Aunque la derrota de Fujimori era afrentosa, para ella y su electorado, por lo exiguo del margen de diferencia, la victoria de Castillo era débil pero incontestada por la nitidez de la documentación del sufragio. Castillo esperó la respuesta institucional a las demandas de Fujimori. Sin ignorar ni callar la ‘conjura blanca’ y costeña que toleraba y apañaba el ‘exceso de defensa propia’ procedimental de la vencida líder de Fuerza Popular, el presidenciable de Perú Libre evitó movilizar a bases y simpatizantes hacia Lima como intimidación para poner fin a impugnaciones destinadas al fracaso en los Jurados Nacionales Electorales (JNE) pero predestinadas al buen éxito en demorar la proclamación del nuevo presidente tras la ratificación definitiva del escrutinio publicado por la Oficina Nacional de Procesos Electorales (ONPE). Observadores independientes, la UE y EEUU celebraron la gestión de la elección. Sobre un total de 17,6 millones de votos emitidos, 44.263 votantes prefirieron al novato Castillo sobre la dinástica y experimentada Fujimori Jr.
En las elecciones generales del 11 de abril, 18 candidaturas se habían disputado en primera vuelta la presidencia de la República del Perú. El electorado y la sociedad lucían tan fragmentados y atomizados como partidos y liderazgos. Si quienes pedían el voto podían decir que en efecto representaban a quienes debían votar, esto se fundaba sobre la pareja volatilidad de uno y otro grupo. En un cuadro percibido como de dispersión y desorden, ni había fórmulas presidenciales que encabezaran la intención de voto más allá del 10%, ni votantes que se encolumnaran para prestar un apoyo masivo o determinante a fórmulas lo suficientemente mayoritarias como para distanciarse de las siguientes.
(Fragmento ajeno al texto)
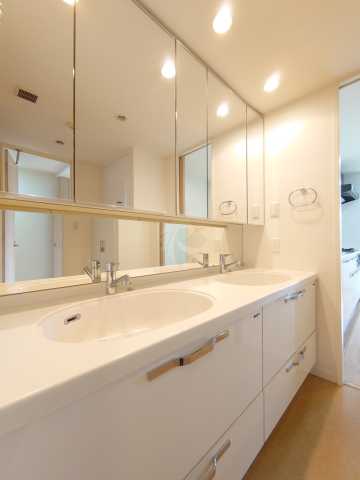 洗面設備　URBAN PARK代官山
En la oferta electoral de la primera vuelta un rasgo singular y definitorio había sido la ausencia de frentes o alianzas o coaliciones. Los medios habían insistido en que ese 11 de abril cualquiera podía ganar. Era casi cierto. Con 18,2% de los votos salió primero Pedro Castillo. No era un candidato al que se le prestara particularmente atención, en los medios, hasta pocas semanas antes de la votación. En los sondeos previos (que en Perú siguen el modelo de ‘simulacros de votación’) emergía como delantero, para desconcierto, y distracción, de encuestadoras y analistas. Entre la media docena de punteros también estaba Keiko Fujimori: nadie superaba en mucho el 10% de las intenciones. Los datos establecieron muy pronto que el primero era Castillo, pero tardaron en fichar a Fujimori como su adversaria del balotaje. Porque con el 13,4% de los votos, ella estaba más cerca de otros dos aspirantes a disputar la segunda vuelta -el conservador Rafael López Aliaga con 11,75% y el neoliberal Hernando de Soto con 11, 63%- que de Castillo que la superaba por 5 puntos enteros.
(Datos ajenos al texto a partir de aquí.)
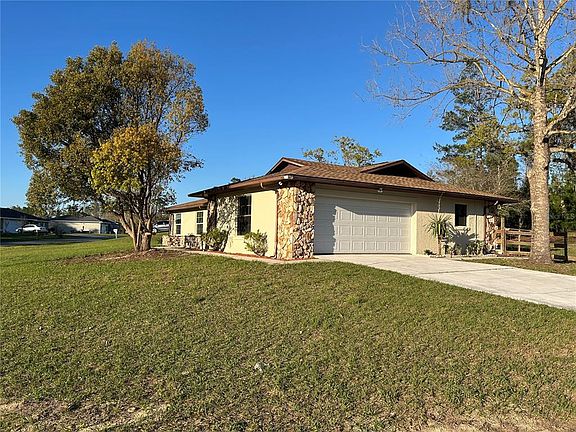 3rd image of 16051 SW 52nd Avenue Rd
Esta distancia inicial con el rival de izquierda, y esta cercanía con otras candidaturas de derecha, anticipaba un aspecto clave de la polarización y grieta cada vez más enfáticas que Keiko iba a acentuar día a día en la campaña electoral y que conservó en la campaña para revertir el resultado de la elección y en la alineación de su seguidores en la tesis y bandera del fraude.
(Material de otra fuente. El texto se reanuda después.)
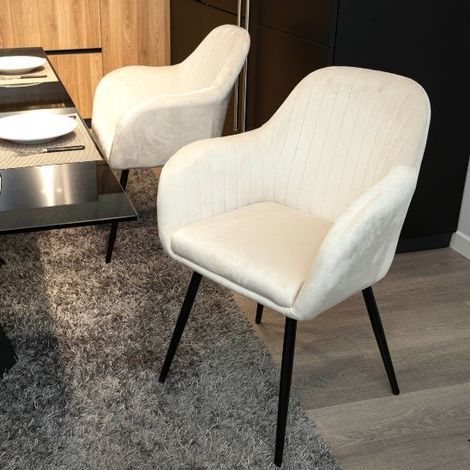 Poltrona imbottita in velluto crema con gambe in ferro nero  1 poltrona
Es un componente asimétrico. Estructuralmente, y sin tener que esforzarse ella ni forzar su programa o campaña, Fujimori hija atrae a todos los partidos, figuras, votantes, sectores, que consideran indeseable el triunfo de Castillo. La campaña de Libertad o Comunismo, según el molde que en España dio la victoria a la popular Isabel Díaz Ayuso en las elecciones autonómicas madrileñas del 4 de Mayo, estuvo dirigida a las bases populares y populistas de su partido (que es en verdad el único movimiento político peruano articulado y continuo) y a sectores populares urbanos cuyo voto le disputó al sindicalista serrano. Los sectores medios urbanos no temían octubres rojos o soviets, pero sí alineamientos declarativos de política exterior, gestos y gastos sociales despilfarradores según su mirada, descuido del comercio exterior y abandono de tratados y preferencias bilaterales o regionales, incompetencia técnica generalizada para gobernar, malgasto y déficit, frustraciones seguidas de protestas sociales o sectoriales, descontrol de las fuerzas de seguridad con avances del narco o del senderismo o de voraces cooperativismos comunarios o mineros, enfrentamientos con el Congreso que resulten en convocatorias a movilizaciones. Acaso estos temores haya perdido intensidad o relevancia, sin por ello haber sido sustituidos, en aquellos sectores intermedios, por ninguna confianza en el futuro.
El Congreso tan temido
Si Castillo luce hoy como un presidente menos anormal, a los ojos de quienes lo veían como un peligroso revolucionario o alborotador, lo es en parte porque un más sobrio inventario de las fuerzas con que cuenta para llevar adelante cambios profundos las hace ver, en principio, insuficientes. No llega al gobierno con votos ni apoyos en el Congreso para iniciar al asumir, sin negociaciones que prometen ser largas o truncas, una reforma política y constitucional. Castillo anunció su prioridad por e impulsar una iniciativa de Convención Constitucional como aquella cuya inauguración bajo presidencia de una mujer mapuche Perú Libre saludó en Chile. Si en Chile la asamblea constituyente dotará al país de una Constitución que sustituya a la de la dictadura pinochetista aún hoy en vigencia, en el Perú tal asamblea tendría como misión redactar una Ley Fundamental para reemplazar a Constitución Política del Estado (CPE) de 1993, compuesta después del auto-golpe de Alberto Fujimori en 1991, y bajo su atenta vigilancia, cuando gobernaba la República como eficaz autócrata.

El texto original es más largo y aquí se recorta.